Section 2. Principal Business Office.

          The principal business office of the Company shall be located at 9830 Colonnade Boulevard, Suite 600, San Antonio, Texas 78230, ATTN: Vice President, Legal Counsel, or such other location as may hereafter be determined by the Company Directors.

 

 

Section 3. Registered Office.



          The address of the registered office of the Company in the State of Delaware is c/o Wilmington Trust SP Services, Inc., 1105 North Market Street, Suite 1300, City of Wilmington, County of New Castle, State of Delaware, 19801.

 

 

Section 4. Registered Agent.

          The name and address of the registered agent of the Company for service of process on the Company in the State of Delaware is Wilmington Trust SP Services, Inc., 1105 North Market Street, Suite 1300, City of Wilmington, County of New Castle, State of Delaware, 19801.

 

 

Section 5. Members.


 

 

 

 

(a)

The mailing address of the Member is set forth on Schedule B attached hereto. The Member was admitted to the Company as a member of the Company upon its execution of the Original Limited Liability Company Agreement and shall continue as a member of the Company upon its execution of a counterpart signature page to this Agreement.

 

 

 

 

(b)

Subject to Section 9(i) the Member may act by written consent.

 

 

 

 

(c)

Upon the occurrence of any event that causes the Member to cease to be a member of the Company (other than (i) upon an assignment by the Member of all of its limited liability company interest in the Company and the admission of the transferee pursuant to Sections 21 and 23, or (ii) the resignation of the Member and the admission of an additional member of the Company pursuant to Sections 22 and 23), each person acting as an Independent Director pursuant to Section 10 shall, without any action of any Person and simultaneously with the Member ceasing to be a member of the Company, automatically be admitted to the Company as a Special Member and shall continue the Company without dissolution. No Special Member may resign from the Company or transfer its rights as Special Member unless (i) a successor Special Member has been admitted to the Company as Special Member by executing a counterpart to this Agreement, and (ii) such successor has also accepted its appointment as Independent Director pursuant to Section 10; provided, however, the Special Members shall automatically cease to be members of the Company upon the admission to the Company of a substitute Member appointed by the personal representative of the Person who was the last remaining Member. Each Special Member shall be a member of the Company that has no interest in the profits, losses and capital of the Company and has no right to receive any distributions of Company assets. Pursuant to Section 18-301 of the Act, a Special Member shall not be required to make any capital contributions to the Company and shall not receive a limited liability company interest in. the Company. A Special Member, in its capacity as Special Member, may not bind the Company.




 

 

 

 

 

Except as required by any mandatory provision of the Act, each Special Member, in its capacity as Special Member, shall have no right to vote on, approve or otherwise consent to any action by, or matter relating to, the Company, including the merger, consolidation or conversion of the Company. In order to implement the admission to the Company of each Special Member, each person acting as an Independent Director pursuant to Section 10 shall execute a counterpart to this Agreement. Prior to its admission to the Company as Special Member, each person acting as an Independent Director pursuant to Section 10 shall not be a member of the Company.


 

 

Section 6. Certificates.

          Michael J. Broker is hereby designated as an “authorized person” within the meaning of the Act, and has executed, delivered and filed the Certificate of Formation of the Company with the Secretary of State of the State of Delaware. Upon the filing of the Certificate of Formation with the Secretary of State of the State of Delaware, his powers as an “authorized person” ceased, and the Member thereupon became the designated “authorized person” and shall continue as the designated “authorized person” within the meaning of the Act. An Officer may execute, deliver and file any other certificates (and any amendments and/or restatements thereof) necessary for the Company to qualify to do business in New York, Texas and in any other jurisdiction in which the Company may wish to conduct business.

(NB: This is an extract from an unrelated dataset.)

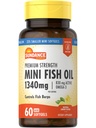Sundance Mini Fish Oil Softgels 1340mg Contagem 60 Controla arrotos de peixe Fórmula de força Premium com Ômega-3 sabor de limão natural Não-GMO e suplemento sem glúten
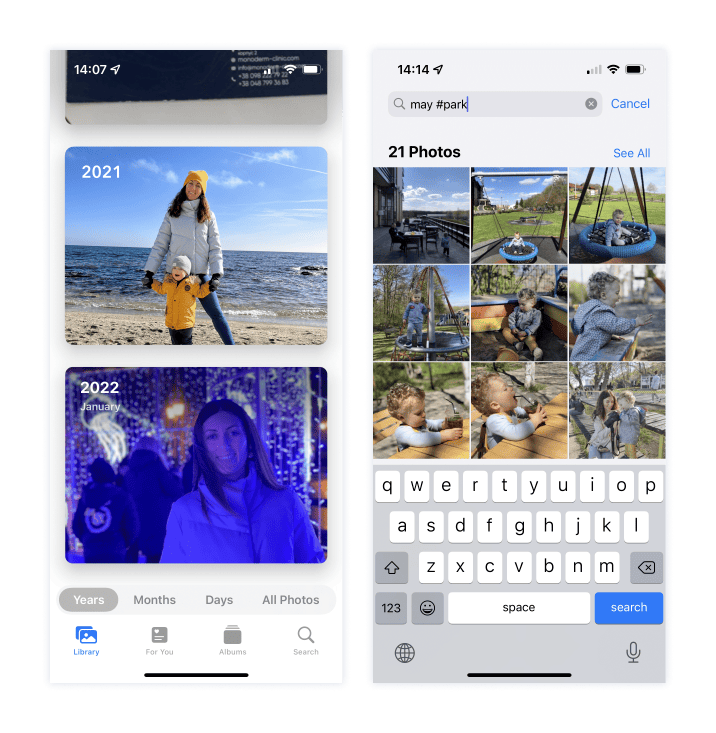 iPhone screens showing how to search for images in the Photos app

          The existence of the Company as a. separate legal entity shall continue until cancellation of the Certificate of Formation as provided in the Act.

 

 

Section 7. Purposes.

          The Company is formed for the object and purpose of purchasing and selling Contracts, acting as depositor for one or more trusts, and causing the issuance of asset-backed securities by such trusts.

 

 

Section 8. Powers.

          In furtherance of its purposes, but subject to all of the provisions of this Agreement, the Company shall have the power and is hereby authorized:

 

 

 

 

 

(a)

 

 

 

 

 

 

 

 

(i)

to execute and deliver, and to perform its obligations under one or more receivables purchase agreements with the Member (such receivables purchase agreements, as from time to time amended, supplemented or otherwise modified, the “Purchase Agreements”), to purchase or otherwise acquire Contracts from the Member, to execute and deliver and to perform its obligations under any




 

 

 

 

 

 

 

amendments or supplements, including any supplemental conveyances relating to one or more of the Purchase Agreements, to engage in any activities necessary, appropriate or convenient in connection with the rights and obligations of the Company under the Purchase Agreements and the acquisition of Contracts from the Member, and to execute, deliver and perform any other agreement, notice or document in connection with, relating to or contemplated by the Purchase Agreements or the acquisition of Contracts from the Member;

 

 

 

 

 

 

(ii)

to purchase, acquire, own, hold, sell, dispose of, endorse, transfer, assign, pledge and finance the Contracts (as described in each of the Purchase Agreements) including, without limitation, to grant a security interest in the Contracts;

 

 

 

 

 

 

(iii)

to engage in any activities necessary to hold, receive, exchange, sell, transfer, otherwise dispose of and otherwise deal in and exercise all rights, powers, privileges, and all other incidents of ownership or possession with respect to, all of the Company’s property, including the Contracts and any property or interest that may be acquired by the Company as a result of any distribution in respect of the Contracts and any property received by the Company as a contribution from the Member;

 

 

 

 

 

 

(iv)

to execute and deliver, and to perform its obligations as depositor or in any other capacity under one or more trust agreements (as amended from time to time, the “Trust Agreements”), to sell or otherwise transfer all or any of the Contracts to one or more trusts formed by such Trust Agreements (“Trusts”) for the purpose of issuing and selling from time to time in public or private offerings (including to any affiliate of the Member) series of consumer loan backed certificates or debt securities (“Securities”) representing undivided interests in, or debt secured by, Contracts, to execute and deliver, and to perform its obligations under, any amendments, supplements or assignments, reassignments or reconveyances of Contracts and other assets related to the Trust Agreements, to provide for the issuance of additional obligations under the Trust Agreements and other documents related to the issuance of such obligations, and to engage in any activities necessary, appropriate or convenient to the operation of the Trusts formed by such




 

 

 

 

 

 

 

Trust Agreements, and to execute, deliver and perform any other agreement, notice or document in connection with, relating to, or contemplated by the Trust Agreements;

 

 

 

 

 

 

(v)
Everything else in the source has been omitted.